Stocks, Technology Article

SoundHound AI Plunges 28% After Nvidia Bails. Time to Backup the Truck?

SoundHound AI (SOUN) was a market darling in 2024 with shares soaring 835%. The original push higher was the revelation that AI chipmaker Nvidia (NVDA) owned a stake in the company, indicating SoundHound’s voice recognition technology could rocket the company to the forefront of the industry.

Yet after Nvidia’s updated investment list showed it sold all of its SoundHound shares, SOUN stock plunged 28%. If the biggest name in AI was no longer backing the business, investors wondered whether they should stay in.

Communicating With The World Around Us

SoundHound AI is best known for its SoundHound music identification app that can identify a song’s title and artist for a listener just by hearing the tune. However, that had become a commoditized market and there was more opportunity for Houndify, its “voice-enabled conversational interface.”

Houndify allows users to hold natural language conversations with devices and apps and answer complex questions. While it has been featured in vehicles from automakers such Honda (HMC) and Stellantis (STLA), the voice-activated AI assistant market must contend with Siri from Apple (AAPL) and Alexa from Amazon (AMZN), among others.

The AI world is rapidly advancing so that voice assistants are almost commonplace, making SoundHound’s ability to keep up with bigger and significantly better-financed rivals difficult.

That’s not to say SoundHound isn’t competitive. For example, its AI voice technology platform will be included in a next-generation Honda-Sony (SONY) electric vehicle called AFEELA. In fact, SoundHound’s biggest customers are Tier 1 automakers. 

The technology is also used in a host of other industries, including telecom, hospitality, restaurants, financial services and voice-enabled mobile apps and is available in dozens of languages.

A Money-Losing Proposition

SoundHound revenue is up 76% over the last 12 months, hitting $67.3 million. Gross profits are expanding 18%. Yet the AI stock’s biggest problem is it can’t translate that into operating profit. Losses before interest and taxes widened to $93.3 million from $64 million from the year-ago period. Net losses worsened to $111 million. 

Essentially, the more SoundHound AI sells, the more it loses. In operation for some 15 years, it has never made a profit and hasn’t shown any ability to get close to doing so.

Yet that hasn’t deterred Wall Street from being upbeat about its potential. Of the seven analysts covering SOUN stock, it has a consensus buy rating from them and a $12.36 per share one-year price target. That implies 12% upside from where it currently trades, though admittedly it was well below where SoundHound was before the Nvidia bombshell hit.

Still, the high end of SOUN’s price target of $26 a share implies a double or more in the stock, offset by a low one-year target of $7, suggesting 43% downside risk.

Moving On To Next-Gen Opportunities

Nvidia’s decision to dump its SOUN stake suggests its priorities are changing. It had owned 1.7 million shares of the voice recognition stock worth some $8 million. Despite SoundHound maintaining its “alliance with Nvidia continues to be strong as we push the boundaries of AI innovation together,” the chipmaker is looking elsewhere for opportunity.

The automotive market is an area ripe for opportunity, though autonomous vehicles (AV), rather than audibly ordering food from your car’s infotainment system, have the longer runway for growth. 

Nvidia has said the auto market where it sees the next phase of expansion developing, which explains why it invested $2.4 million in China’s leading AV company, WeRide (WRD).
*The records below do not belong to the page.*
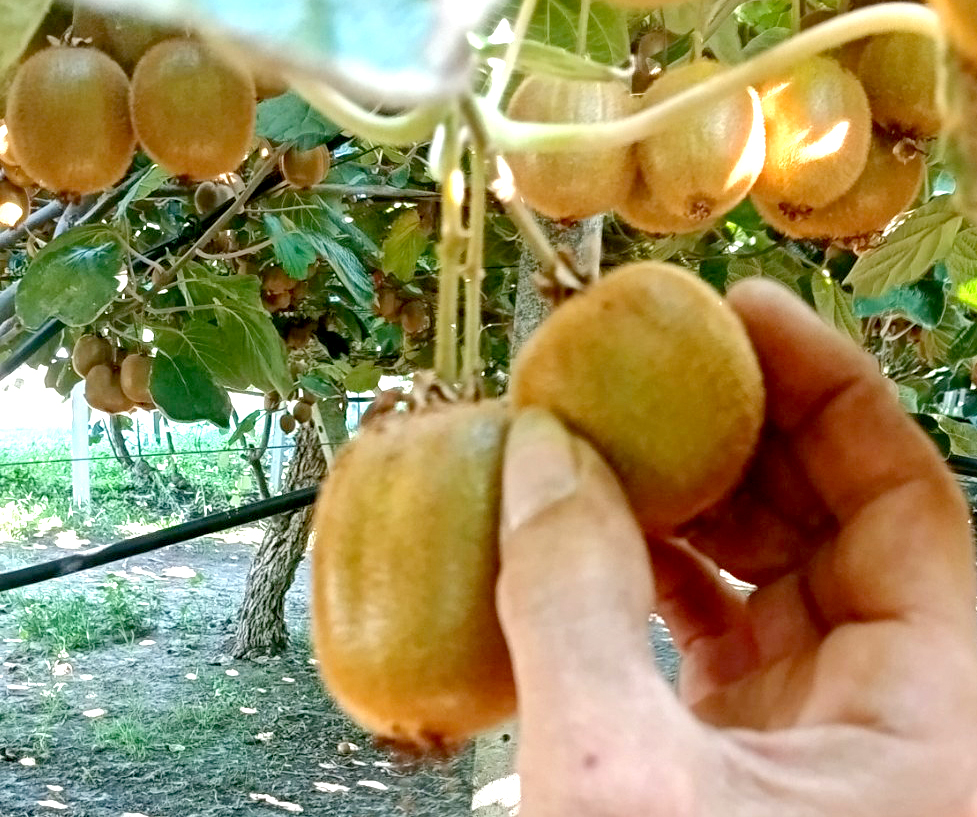 Η Ιστορία του Ακτινιδίου – Μέρος 1ο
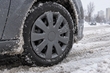 Wieldoppen in de winter: vliegen ze in de sneeuw en hoe zet je ze vast? foto 2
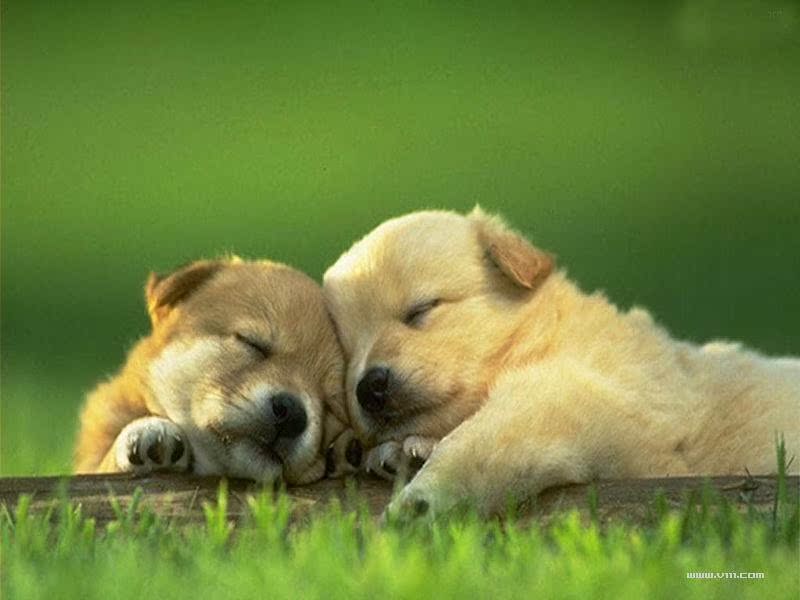 其实不光是猫猫狗狗,对于所有动物我们都该去爱护,去关心~!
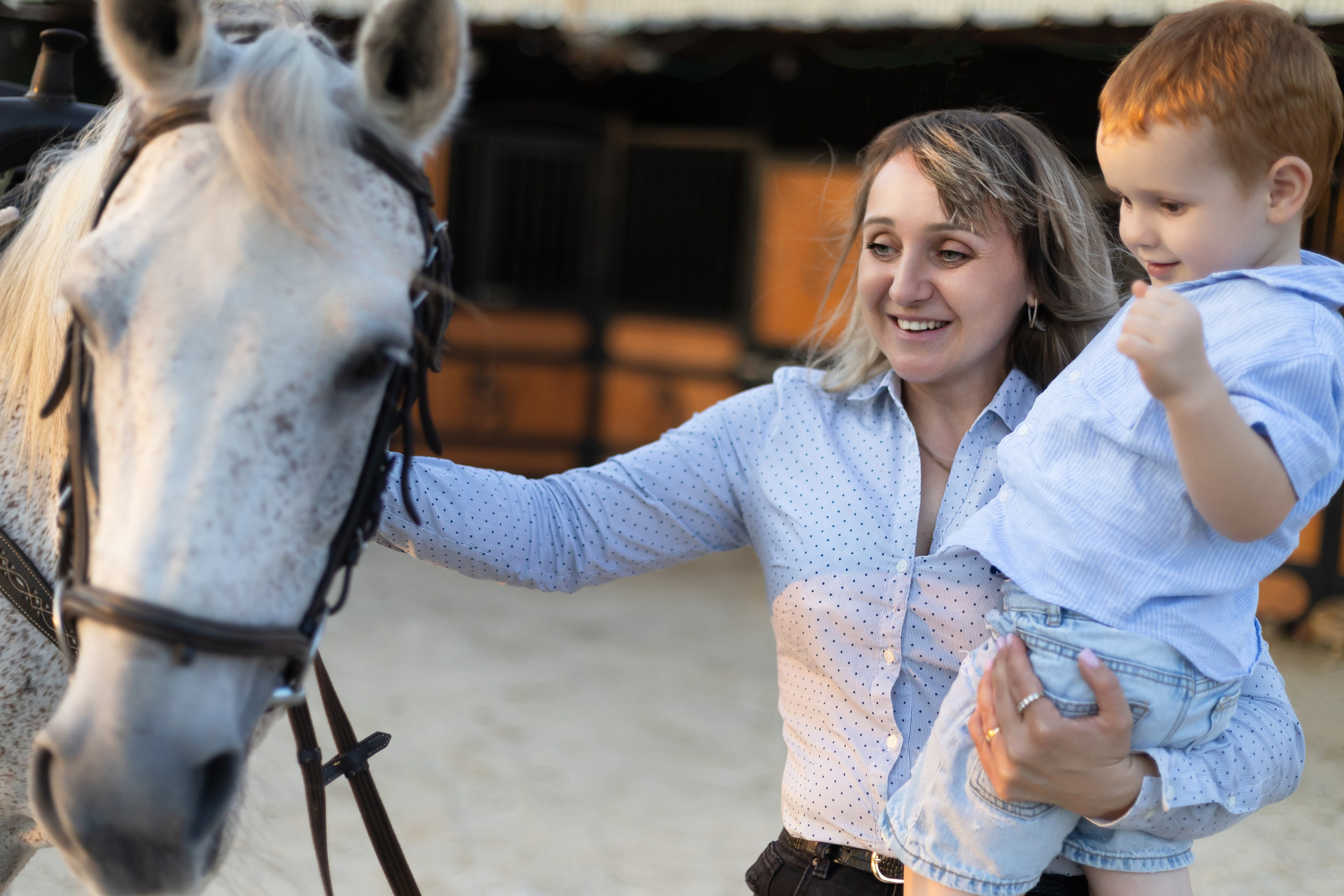 Анна и Амир. Семейный фотограф Израиль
Once again, SoundHound finds itself advancing in a commoditized market where any number of AI voice assistants can work rather than in truly innovative niches.

Its appearance at the Consumer Electronics Show earlier this year was also underwhelming. Its in-car food ordering capabilities was more an incremental improvement instead of revolutionary.

Key Takeaways

The global market for voice and speech recognition technology is expected to expand at a 14.6% compound annual growth rate between now and 2030. Specifically, speech recognition will account for two-thirds of the increase. SoundHound looks like it can carve out a sizable stake in the market.
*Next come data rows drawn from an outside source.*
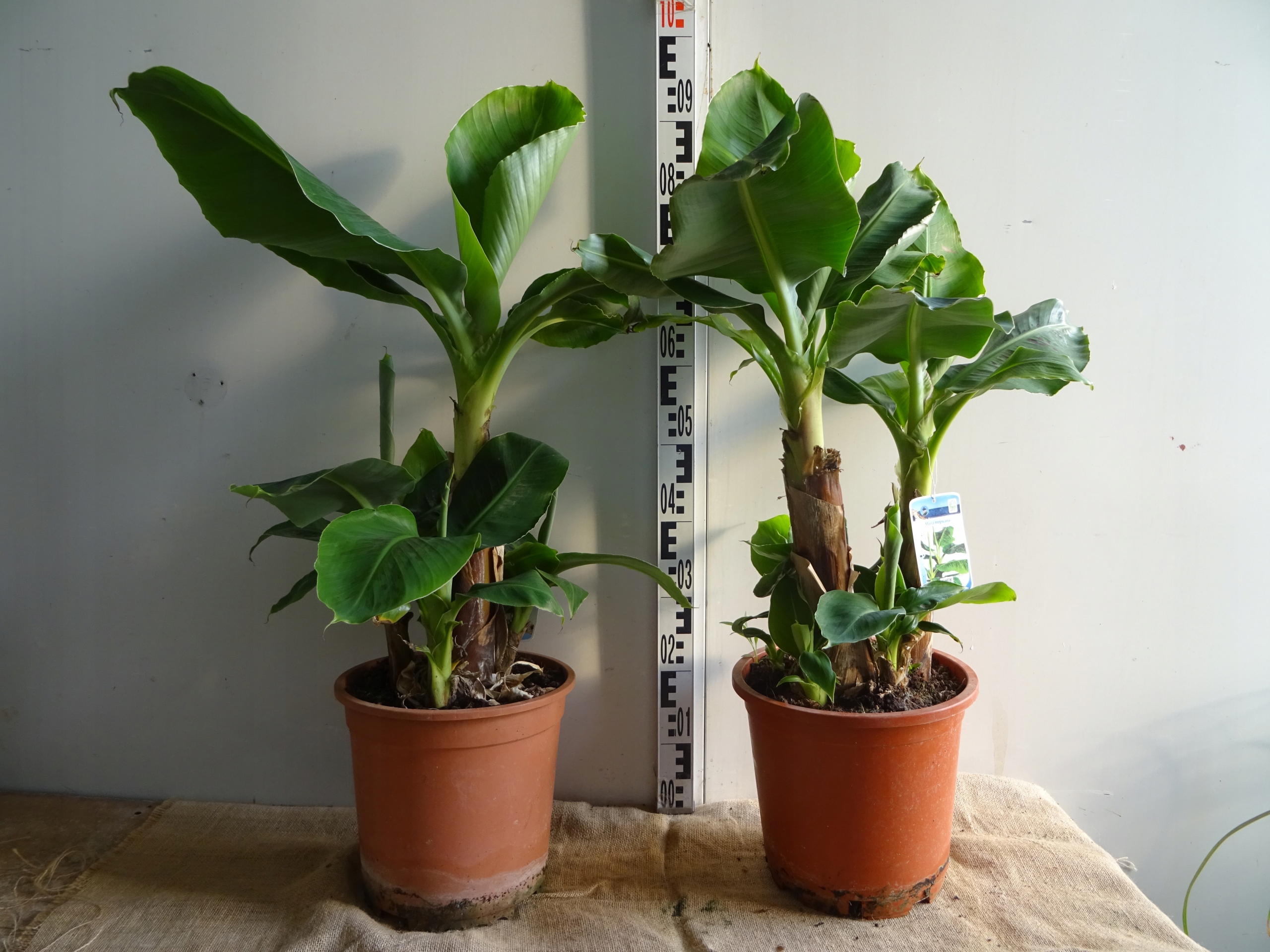 Musa Tropicana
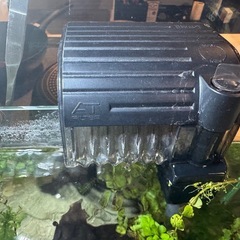 まるっと水槽とお魚達の画像
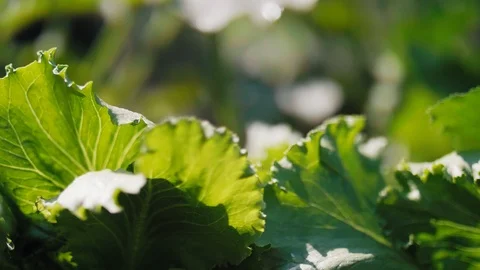Close up of lettuce's leaves  Video stock 112181462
Notably, Wedbush analyst Daniel Ives called SoundHound “a long-term winner in the AI revolution” in an investor note in December.

But SOUN stock is pricey even after its haircut. With a $4.3 billion market capitalization, shares go for 63 times sales, meaning investors are paying $63 for every $1 of sales. That might be fine for a high-growth stock with the potential for profitability, but SoundHound hasn’t demonstrated that propensity.

SoundHound otherwise seems fine financially, with $135.6 million in cash and equivalents and just $39.7 million in debt, suggesting it’s not going to go out of business anytime soon. 

I maintain SOUN stock is better as a takeover target by a larger rival wanting to incorporate its technology into its own platform than as a standalone investment to buy today.